Electronic Arts is extending its unsolicited takeover offer for Take-Two Interactive Software, but is threatening to withdraw the $2 billion bid unless a newly hatched shareholder rights plan is withdrawn, the company said Friday.

The actions are the latest in the long-running courtship ritual of the two videogame companies.

On the news, shares of Redwood City, California-based Electronic Arts climbed $1.16, or 2.4 percent, to $49.31 in afternoon trading, while shares of Take-Two edged down $.08, or .3 percent, to $25.53.


Earlier in the week, Take-Two had reiterated its contention that the $26 per share offer was inadequate and said the company plans to examine "strategic alternatives," including a possible merger with EA, after the scheduled April 29 release of the latest version of its franchise title, Grand Theft Auto IV.

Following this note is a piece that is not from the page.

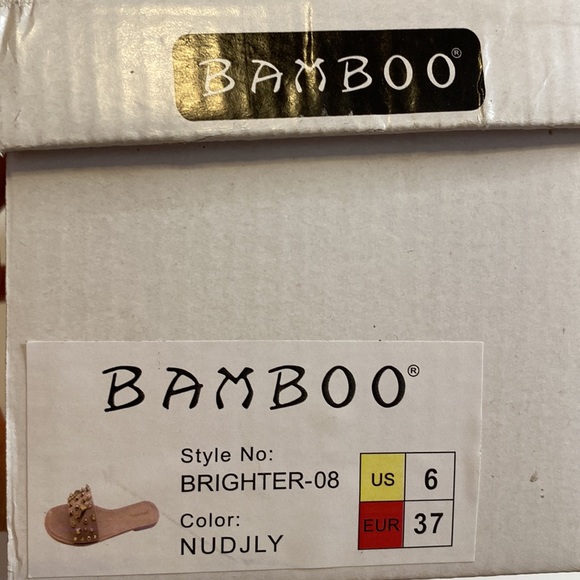 Studded jelly flat sandal NWT! Size 6 - Picture 4 of 11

New York City-based Take-Two has maintained that the timing of EA's offer, before the Grand Theft Auto release and in the midst of company turnaround efforts, is "opportunistic." On Friday, EA said it is extending its tender offer from April 11 to April 18.

On Wednesday, Take-Two also disclosed it had adopted a "poison pill," or shareholder rights program, designed to make a hostile takeover prohibitively expensive, and said it had received indications of interest from unidentified alternative suitors.

In response, EA argued that its $26 per share offer, a 64 percent premium over Take-Two's closing stock price on February 15, the day before the EA's latest offer was disclosed, represents fair value.

“The actions of the Take-Two Board may increase the risk for their stockholders by delaying a potential transaction,” Owen Mahoney, EA's senior vice president of corporate development, said in a statement. “We continue to believe that our $26 per share offer price is full and fair, and that a transaction between Take-Two and EA is the most compelling combination financially, strategically and operationally for all parties.”